_How to complete this task_: Set down exactly the lines from the one containing "this 790×592 image." to the final line of the records below, with every picture omitted.

Start of Material for the task

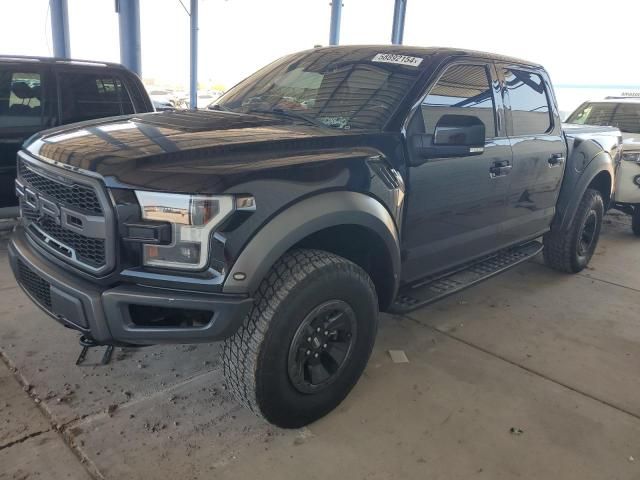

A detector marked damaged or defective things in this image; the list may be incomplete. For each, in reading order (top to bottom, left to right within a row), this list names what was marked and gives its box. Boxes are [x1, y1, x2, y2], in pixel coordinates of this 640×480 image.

cracked concrete [1, 215, 640, 480]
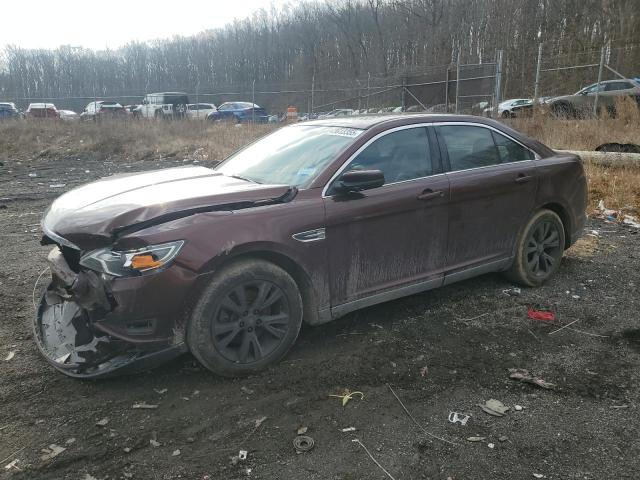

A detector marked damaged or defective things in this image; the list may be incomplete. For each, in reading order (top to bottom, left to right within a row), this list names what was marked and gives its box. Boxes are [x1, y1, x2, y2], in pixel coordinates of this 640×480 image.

crumpled hood [44, 166, 292, 249]
damaged front end [33, 242, 186, 376]
crushed front bumper [34, 248, 190, 378]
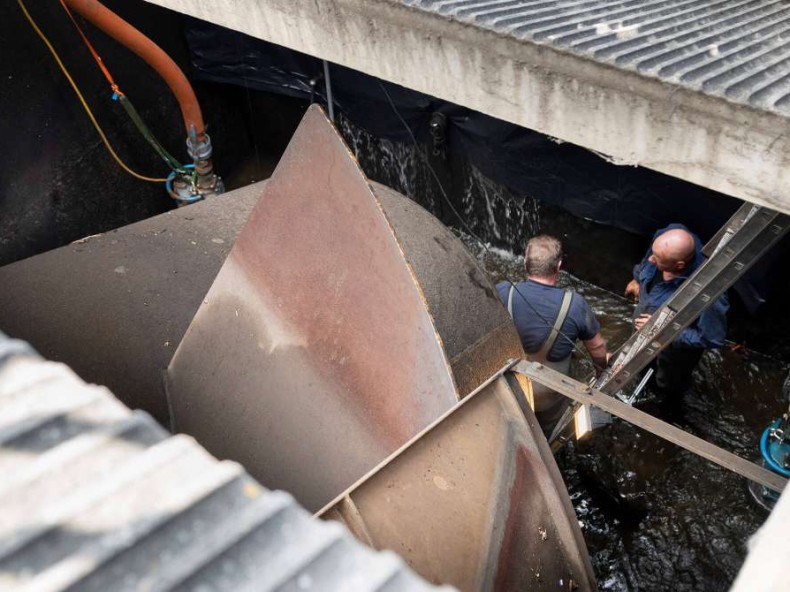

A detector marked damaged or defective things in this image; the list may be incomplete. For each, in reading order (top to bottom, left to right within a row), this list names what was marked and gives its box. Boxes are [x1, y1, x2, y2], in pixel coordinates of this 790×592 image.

rusty metal surface [170, 105, 460, 508]
rusty metal surface [372, 183, 524, 398]
rusty metal surface [318, 374, 596, 592]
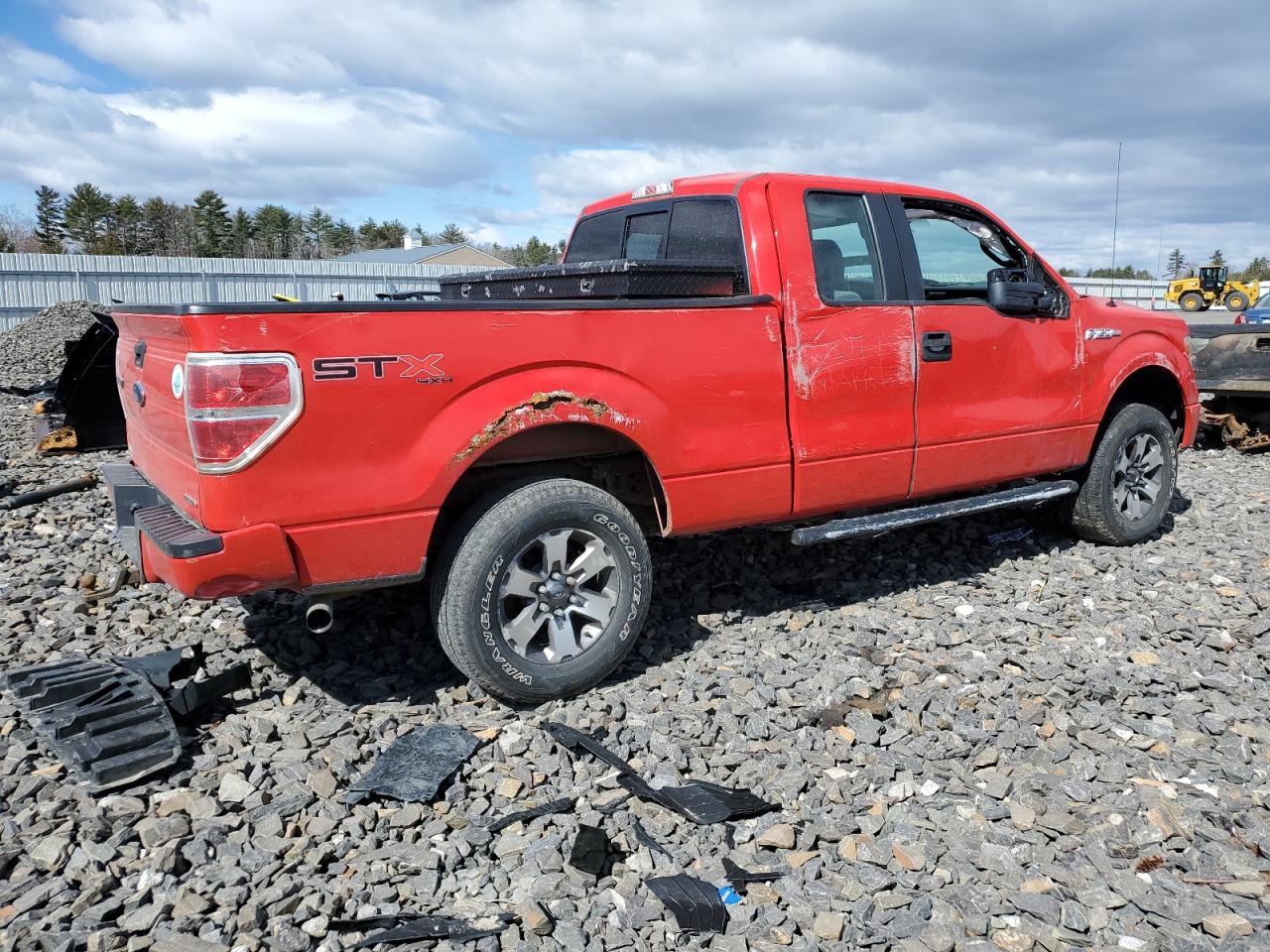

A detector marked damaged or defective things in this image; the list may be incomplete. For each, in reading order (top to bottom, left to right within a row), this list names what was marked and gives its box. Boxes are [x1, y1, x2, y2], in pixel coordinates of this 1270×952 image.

rust damage [454, 387, 619, 460]
broken plastic trim [347, 730, 480, 801]
broken plastic trim [544, 722, 774, 825]
broken plastic trim [480, 797, 575, 833]
broken plastic trim [651, 873, 730, 932]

End of Material for the task

_Solution for this problem_:
A detector marked damaged or defective things in this image; the list may be incomplete. For each, in reading order (top to bottom, left to right within a row), this list names what was marked and gives its box. Boxes are [x1, y1, x2, y2], in pixel coordinates of this 790×592 image.

rusty metal surface [170, 105, 460, 508]
rusty metal surface [372, 183, 524, 398]
rusty metal surface [318, 374, 596, 592]

A detector marked damaged or defective things in this image; the list may be incomplete. For each, in reading order (top to bottom, left to right within a row), this list names what was marked and gives its box. Boxes are [x1, y1, x2, y2], in pixel coordinates of this 1270×952 image.

rust damage [454, 387, 619, 460]
broken plastic trim [347, 730, 480, 801]
broken plastic trim [544, 722, 774, 825]
broken plastic trim [480, 797, 575, 833]
broken plastic trim [651, 873, 730, 932]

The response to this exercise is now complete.